• What you will do:
Word for word, restate the lines of the data below between those holding "Freight train passing" and "Luxurious silk scarf", inclusive; pictures do not belong in the copy.

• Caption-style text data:
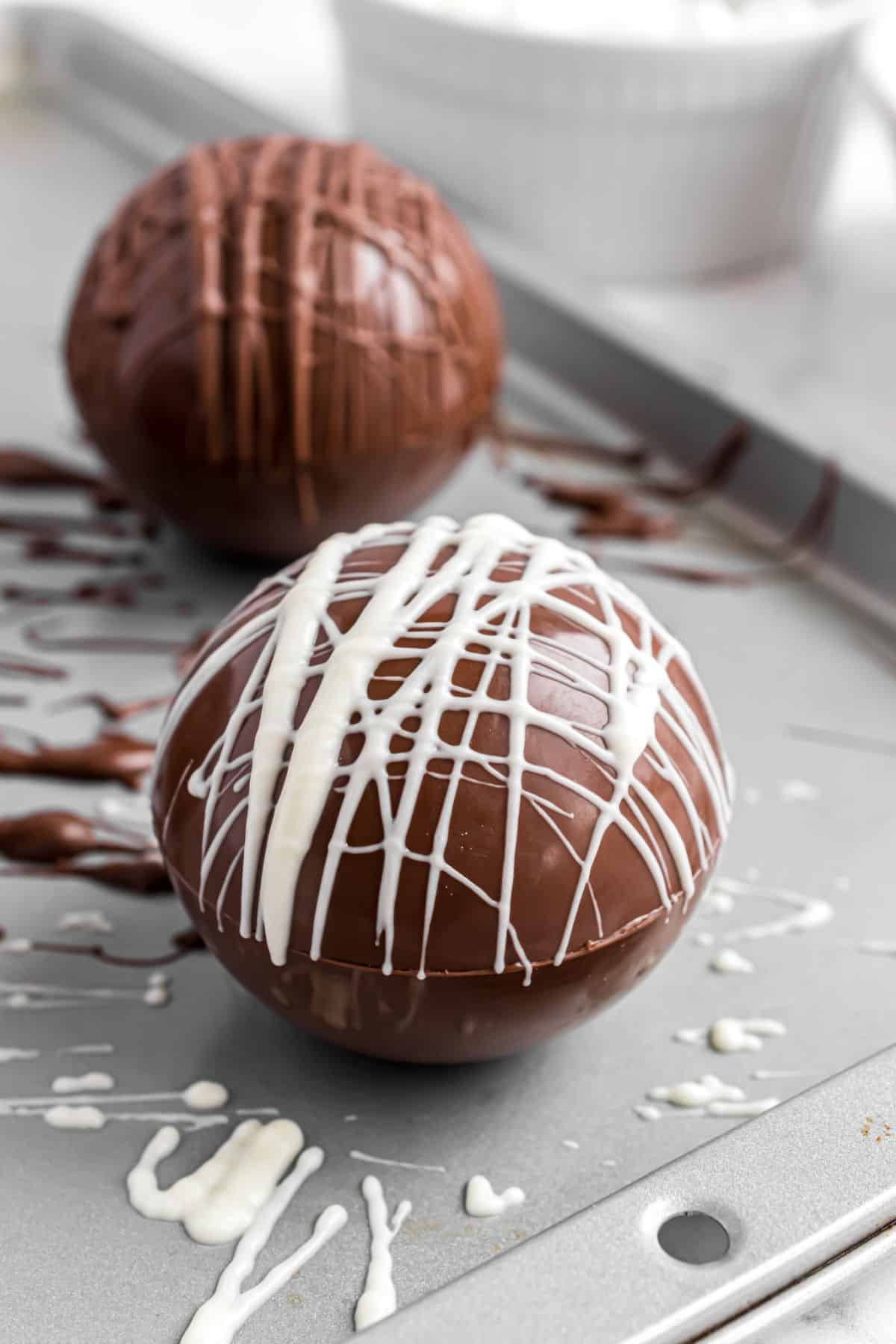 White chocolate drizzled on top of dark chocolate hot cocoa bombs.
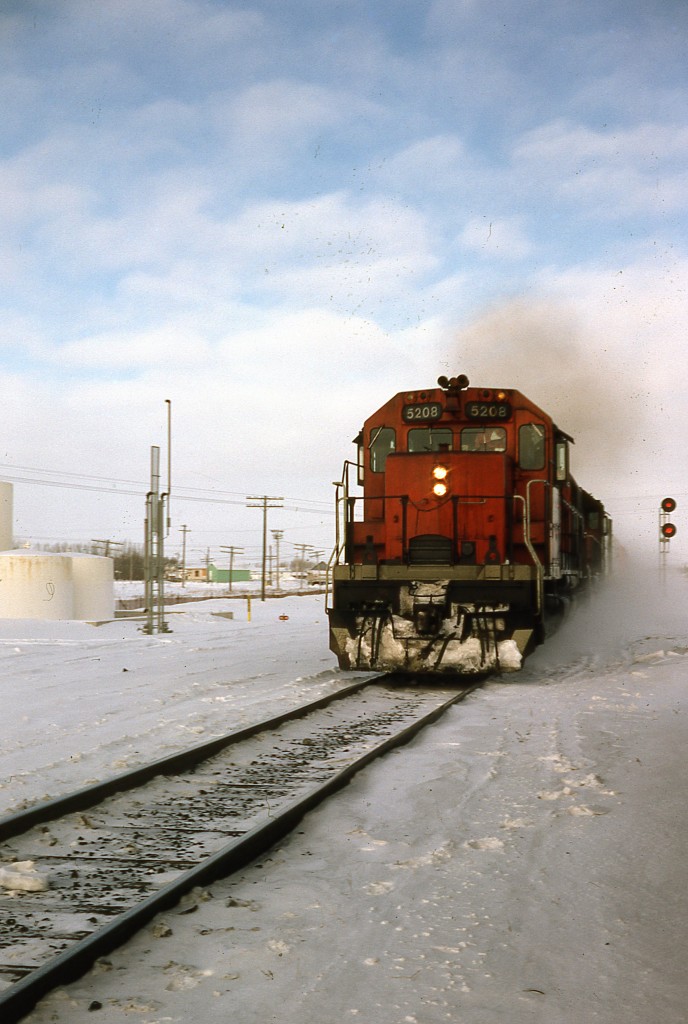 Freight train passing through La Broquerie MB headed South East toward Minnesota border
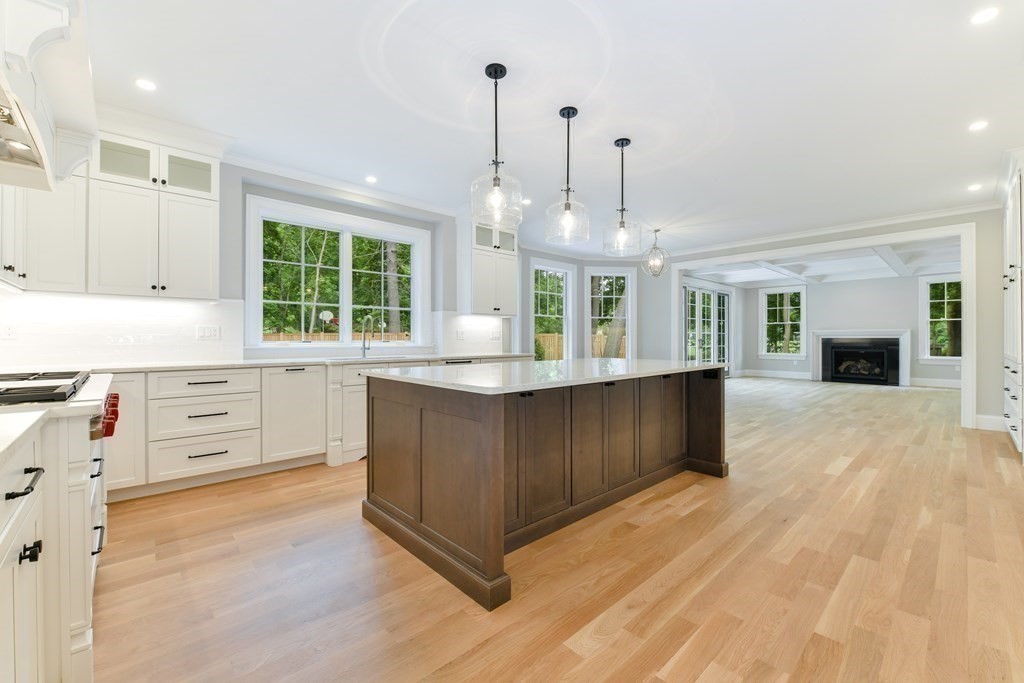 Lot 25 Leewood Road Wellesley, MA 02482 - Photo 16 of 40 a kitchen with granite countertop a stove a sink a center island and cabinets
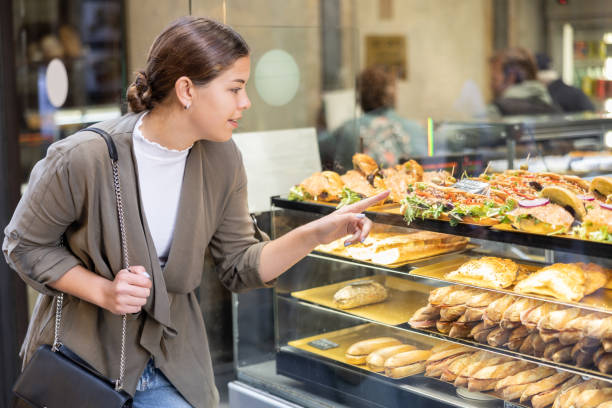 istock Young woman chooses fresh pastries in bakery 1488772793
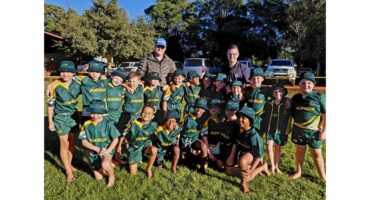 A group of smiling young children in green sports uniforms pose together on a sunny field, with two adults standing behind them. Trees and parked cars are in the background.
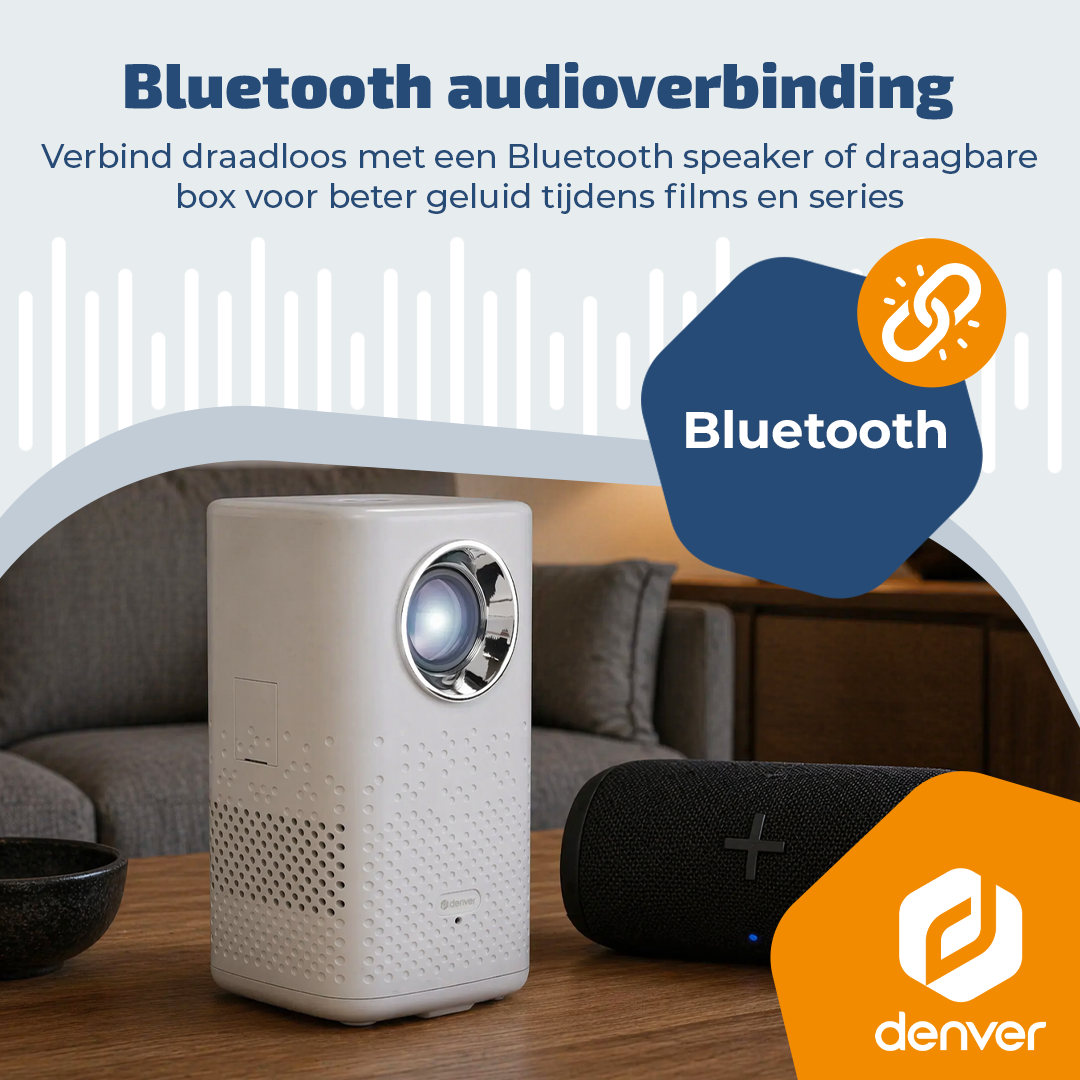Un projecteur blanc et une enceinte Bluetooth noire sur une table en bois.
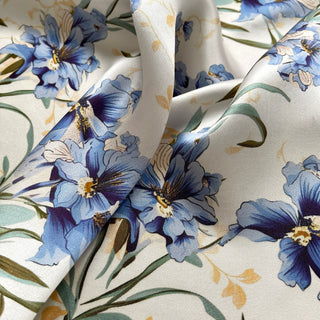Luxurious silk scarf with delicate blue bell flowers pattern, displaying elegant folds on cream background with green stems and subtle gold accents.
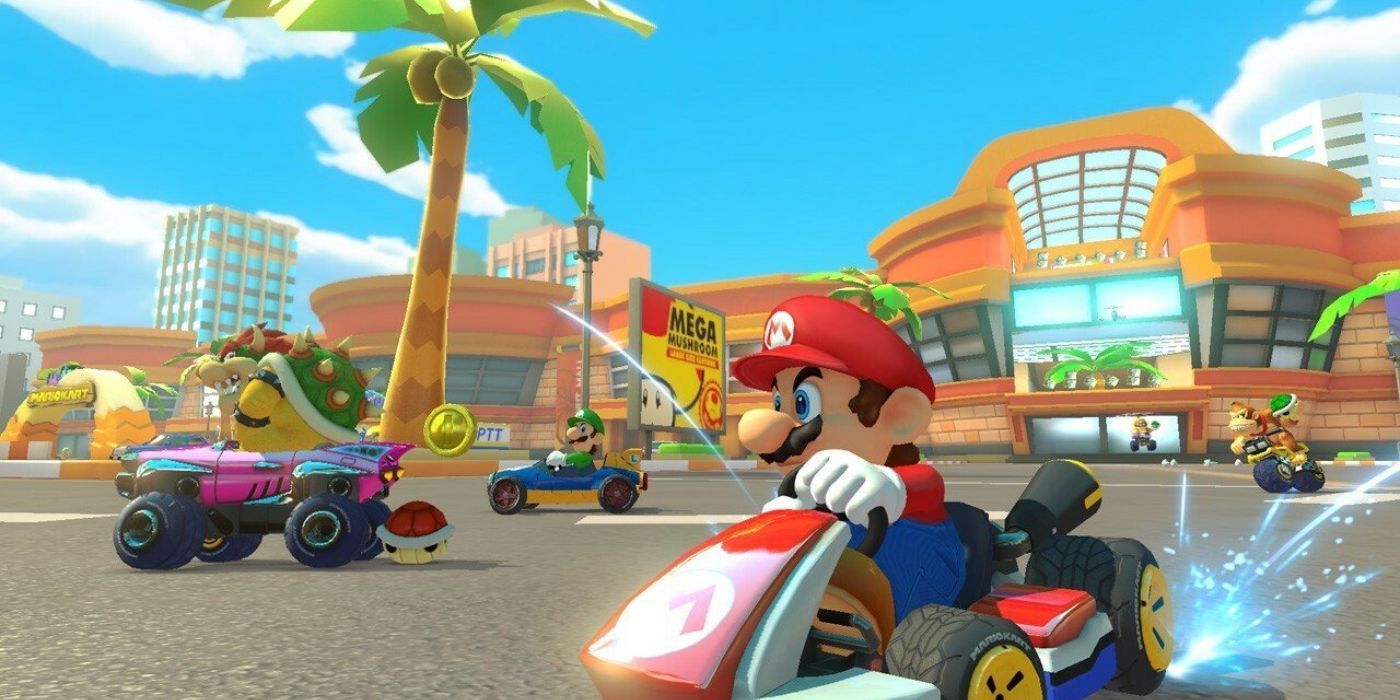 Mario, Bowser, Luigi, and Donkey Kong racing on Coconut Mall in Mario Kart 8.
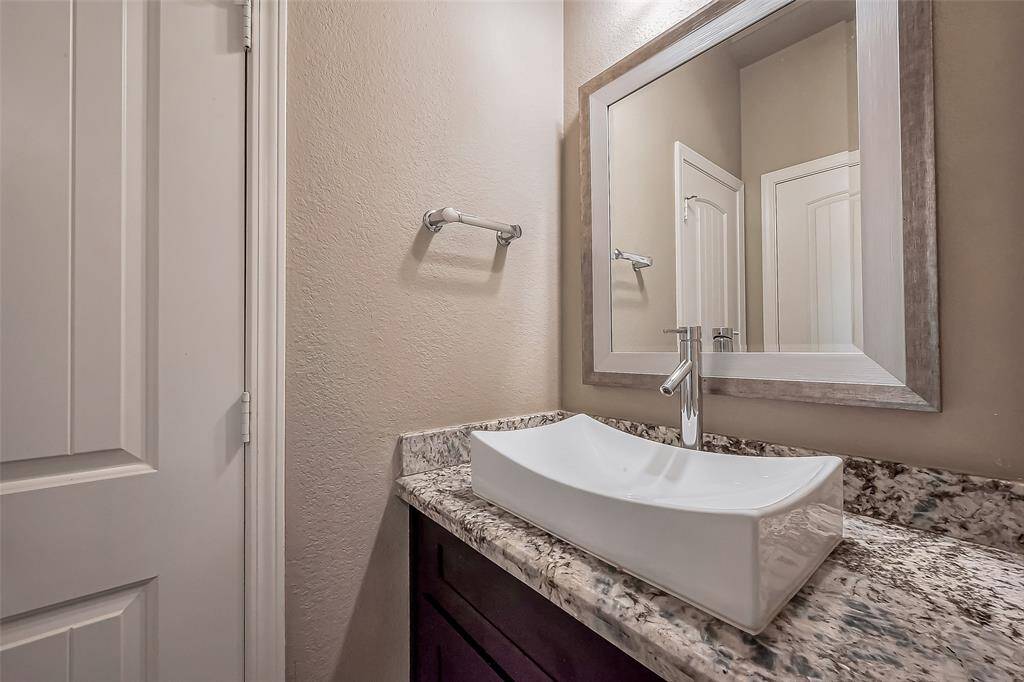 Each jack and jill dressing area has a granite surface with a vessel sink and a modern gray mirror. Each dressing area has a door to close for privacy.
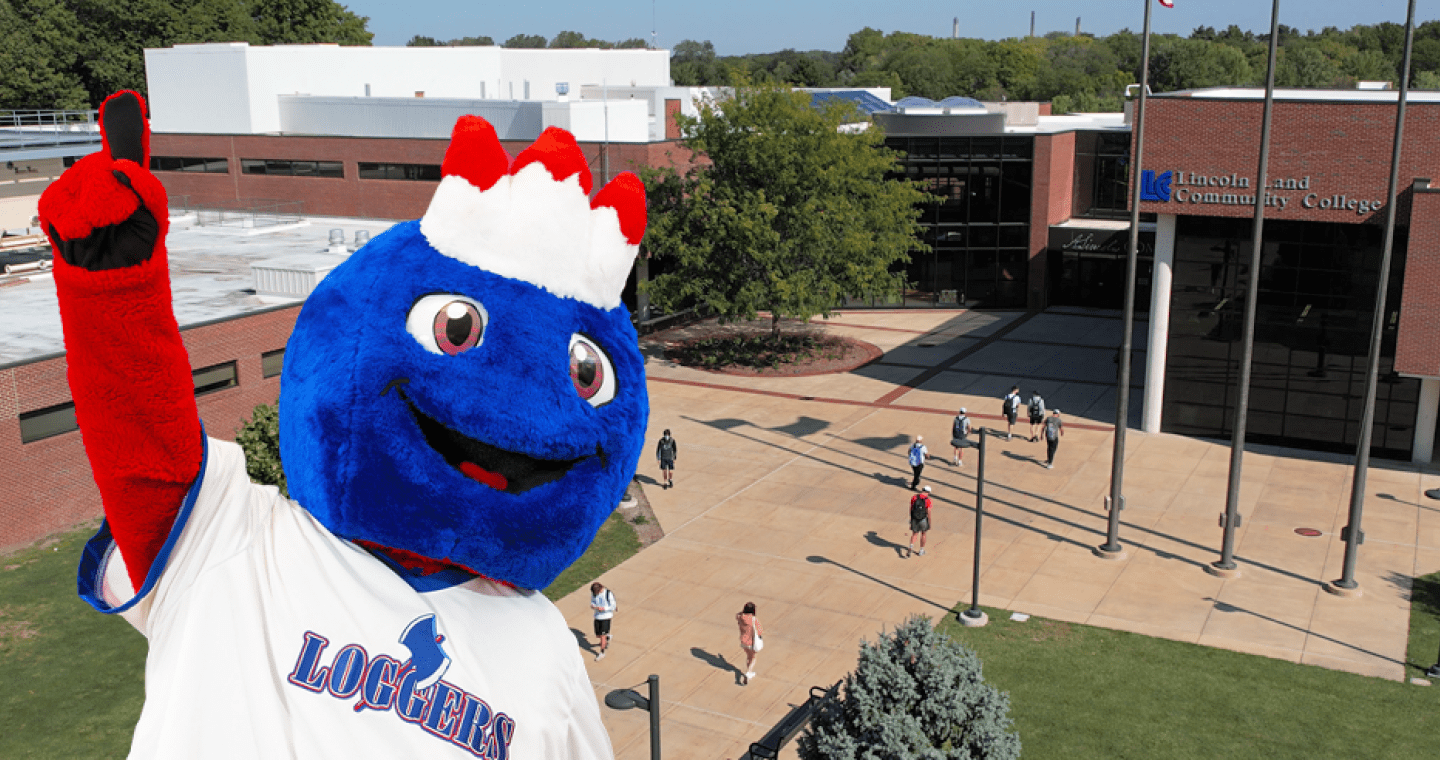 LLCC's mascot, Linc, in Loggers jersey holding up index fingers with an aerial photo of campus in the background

• Result:
 Freight train passing through La Broquerie MB headed South East toward Minnesota border
 Lot 25 Leewood Road Wellesley, MA 02482 - Photo 16 of 40 a kitchen with granite countertop a stove a sink a center island and cabinets
 istock Young woman chooses fresh pastries in bakery 1488772793
 A group of smiling young children in green sports uniforms pose together on a sunny field, with two adults standing behind them. Trees and parked cars are in the background.
Un projecteur blanc et une enceinte Bluetooth noire sur une table en bois.
Luxurious silk scarf with delicate blue bell flowers pattern, displaying elegant folds on cream background with green stems and subtle gold accents.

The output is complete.